Legolas tenta d'ironiser.
-Après des semaines et des semaines de route à travers le monde, après des dizaines de combats, des centaines de situations impossibles, de pression, après des heures passées à douter ou à tergiverser, te voilà Roi, toi qui es sans aucun doute la personne qui le mérite le plus au monde. Mais je ne pensais pas que la vie au château aurait cet effet là sur toi! Fatigué des diners et des réceptions?
Aragorn soupira.
-Tu ne comprends pas... Avant, même si certaines décisions étaient difficiles à prendre, on savait que ce qu'on faisait était juste, et on savait aussi globalement ce qu'on devait faire. Maintenant, la reconstruction du monde repose sur mes épaules. A chaque décision que je prends, j'ai l'impression d'avoir à trouver l'unique voie parmi des milliers d'impasses. Je... Il n'y a plus personne pour m'y aider.
-Je suis là, moi.
-C'est différent. Tu repartiras dès que tu le pourras. Et de même pour Frodon, Sam, Merry et Pippin qui repartiront quand leur nostalgie de chez eux sera plus forte que l'attrait des fêtes de minas Tirith. Gimli est déjà agacé par sa vie ici, il reste pour ne pas me vexer. Et même Arwen, elle est de plus en plus mélancolique, elle brule d'envie de retourner voire les sien à Fondcombe. Elle pense y séjourner pendant un mois ou deux avant de revenir.

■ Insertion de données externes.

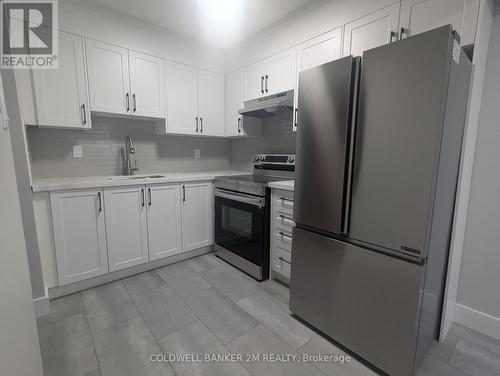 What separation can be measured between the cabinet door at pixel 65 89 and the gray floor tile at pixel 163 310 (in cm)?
161

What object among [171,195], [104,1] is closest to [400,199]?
[171,195]

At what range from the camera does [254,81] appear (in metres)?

-Alors, je ne m'en irais pas.
-Est ce que tu crois vraiment à ce que tu dis?
-Mais...
-Je ne pense pas. Tu passerais ta vie auprès de moi jusqu'à ce que ma peau se tende sur mes os, jusqu'à je ne sois plus qu'un vieillard sénile radotant et manipulé par des conseillers avides de pouvoir qui, déjà, cherchent à en obtenir quelques miettes par la flatterie et la servilité?
-Mais...
-Ton sang bout dans tes veines. Tu désire plus que tout t'envoler, rejoindre la mer, continuer à découvrir ce monde. Je ne retiendrais pas l'oiseau en cage.
-Estel...
-Et je refuse que tu vois cette déchéance. L'humanité me répugne à accepter cette agonie lente du cœur et de l'esprit. Je ne veux pas que tu voies ce que je vais devenir.
Legolas sourit.
-Tout meurt, se transforme, devient autre chose. Les humains meurent et se renouvellent. Les elfes partent et disparaissent. Les peuples se succèdent à la surface de la Terre.
Aragorn se tourna vers lui.
-Toi aussi, tu sera seul, un jour.
-Je sais.
-Toi aussi tu regretteras de n'avoir pas fait certaines chose qui auraient du être faites.
-Je sais.
-Toi aussi tu penseras à ton passé et tu t'y plongeras avec délectation lorsqu'il sera ton seul repère.
-Je sais.
-Alors, si j'ai envie de faire quelque chose que je dois surtout pas faire, mais que si je ne le fais pas, je le regretterais et mon passé me sembleras vide, dois je le faire?
-... Tu as bu?
-Je suis parfaitement sobre.
-ça dépend. ça dépend quelle est la nature de ce désir.
-... D'accord. Il commence à faire froid. Pourquoi ne pas rentrer?
Legolas, vaguement étonné de ce changement de sujet, hocha la tête.
Il tourna le dos au magnifique paysage de la plaine dans la nuit qui s'étendait sous leurs yeux et se dirigea vers la porte. Il sentit alors un souffle chaud dans son cou.
-... Euh?
Une main brulante se glissa sur sa taille tandis qu'un corps se collait à lui.
-A-A-Aragorn? Tu es sûr que tu n'as pas bu?
Sa respiration ne sentait pas l'alcool. Alors, il analysa rapidement toutes les hypothèses qui s'offraient à lui pour expliquer ce comportement pour le moins... Euh... Spécial.
Son esprit s'arrêta brièvement sur une solution si improbable qu'il la rejeta immédiatement.
Reconnexion à la réalité. Il fut tiré brusquement en arrière et plaqué contre un mur glacé (décidément, c'était une habitude). Aragorn lui fit face, un sourire indéfinissable flottant sur son visage.
-Une chose de moins que je ne regretterais pas...
Et il l'embrassa.
Voilààààà. Je me rends compte qu'il y a beaucoup de trucs inutiles. Je vais arranger tout ça.